For shoppers, this is great news because SF-2281 delivers an amazing amount of performance and is a mature controller that's already moved past reckless youth. The mainstream market is where high value products live, the bang for the buck crowd. The Kingston SSDNow V300 is kind of like the person in the average neighborhood with a new Vette parked in the garage though. Let's take a look.
Specifications, Pricing and Availability
A mainstream drive offered in mainstream sizes. Kingston has V300 in 60GB, 120GB and 240GB. Unlike some of the other V Series SSDs we've seen from Kinston, the V300 does not get a 500GB class model. The specs claim up to 450MB/s sequential reads and writes, but we don't have time for marketing silliness designed to steer enthusiasts to the HyperX product line. Under the new Toshiba 19nm suit beats the heart of a proven 550MB/s champion.
V300 has no less than 12 part numbers! Take each of the three capacities and expand them to four packages. The packages are Stand-Alone, Desktop Upgrade Kit, Notebook Upgrade Kit and Desktop/Notebook Upgrade Kit. Today we're showing the Notebook Upgrade Kit, but the V300 drives inside each are the same. Newegg carries nine of the 12 kits, the lowest priced 120GB model hits the credit card for $109.99 and it was the Stand-alone model. The missing models at Newegg just happened to be from the 120GB capacity size. The 60GB Stand-Alone V300 costs $69.99 at Newegg and the 240GB just $209.99. For most models the kit price adds another $10 to your order and we feel the additional money spent is worth the investment considering everything that's included.
We prefer the Notebook Upgrade Kit because it includes a USB 2.0 enclosure and they come in handy around the lab. V300 is a 7mm design so the z-height fits new ultrabooks that 9.5mm drives simply don't fit. This series is backed by a three year warranty.
Kingston SSDNow V300 120GB SSD
It looks like the 450MB/s rating isn't an error on the spec sheet, but we'll let our own benchmarks rate the drive. Kingston put together a nice, informative package for SSDNow V300.
All of the kit components are listed on the back of the box, which makes for a pleasant retail shopping experience. You are not leaving anything to chance and you know right away what's included.
Inside we found a tightly packed container that stages the hardware well.
Our Notebook Upgrade Kit shipped with two disks, a paper manual, a USB enclosure with USB cable and something we don't see too often, a 7mm to 9.5mm spacer.
Here we get our first look at the drive. It isn't as flash as the HyperX line, but very few of us actually put our SSDs on display. The product number, serial number and capacity are listed on the front label.
That doesn't leave much on the back.
The 7mm z-height works with many ultrabooks, all notebooks and desktops with a desktop adapter bracket (included with the Desktop Upgrade Kit).

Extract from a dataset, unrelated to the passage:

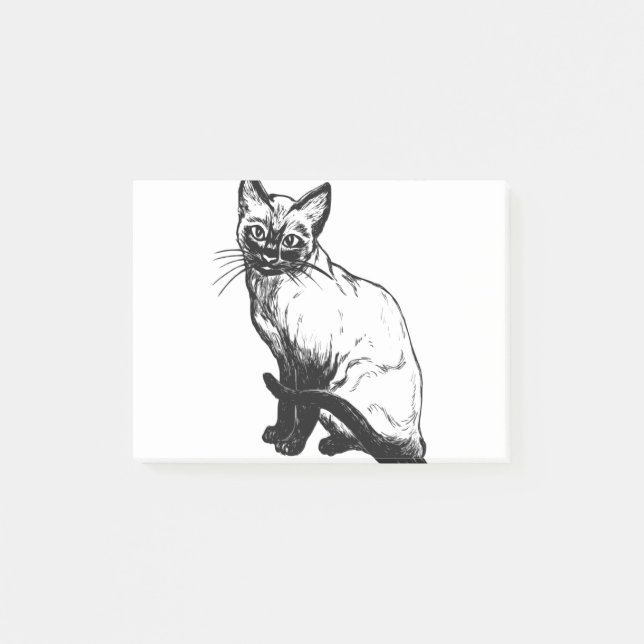 Siam Cat Feline Pet Sitzen Siam Kitty Post-it Klebezettel (Vorderseite)
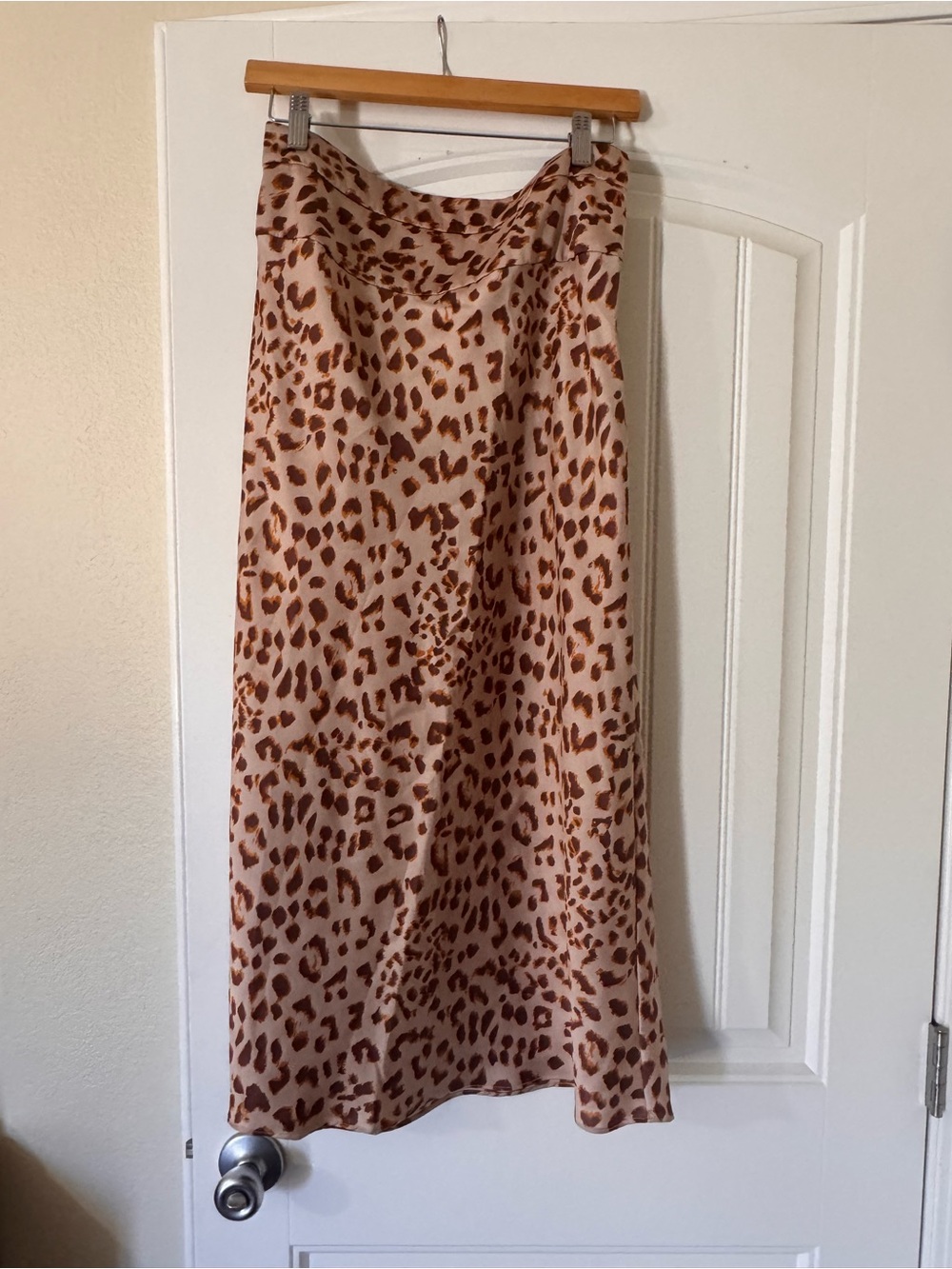 Free people Leopard Print Satin Midi Skirt - Beige & Brown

The SATA power and data connectors are offset, as they should be so you won't have any issues installing this drive in your computer.
Benchmarks - Test System Setup and ATTO Baseline Performance
Desktop Test System
Lenovo W530 - Mobile Workstation
We use two systems for SSD testing. The desktop runs a majority of the tests and the Lenovo W530 runs the notebook power tests as well as the real-world file transfer benchmark.
ATTO Baseline Performance
Version and / or Patch Used: 2.34
ATTO is used by many disk manufacturers to determine the read and write speeds that will be presented to customers.
There's a funny video on YouTube and even a song now that goes with it. Well today, I ain't got time for that 450MB/s stuff.
Here we see the Kingston V300 128GB is capable of 556MB/s read and just over 531MB/s write speed. ATTO is how we measure marketing performance and has been the standard for many years now. Kingston went very conservative with their 450MB/s rating.
Benchmarks - Sequential Performance
HD Tune Pro
Version and / or Patch Used: 4.00
Developer Homepage: http://www.efdsoftware.com
Product Homepage: http://www.hdtune.com
HD Tune is a Hard Disk utility which has the following functions:
Benchmark: measures the performance
Info: shows detailed information
Health: checks the health status by using SMART
Error Scan: scans the surface for errors
HD Tune Pro gives us accurate read, write and access time results and for the last couple of years has gained popularity amongst reviewers. It is now considered a must have application for storage device testing.
The Kingston V300 delivers very good single queue depth sequential read performance when working with compressible data. We averaged just over 415MB/s in this test.
The SF-2281 controller paired with 19nm Toggle NAND and the new 5.0.5 firmware works well together. This test uses compressible data, but still the V300 outperforms everything else on the chart in maximum and average speeds.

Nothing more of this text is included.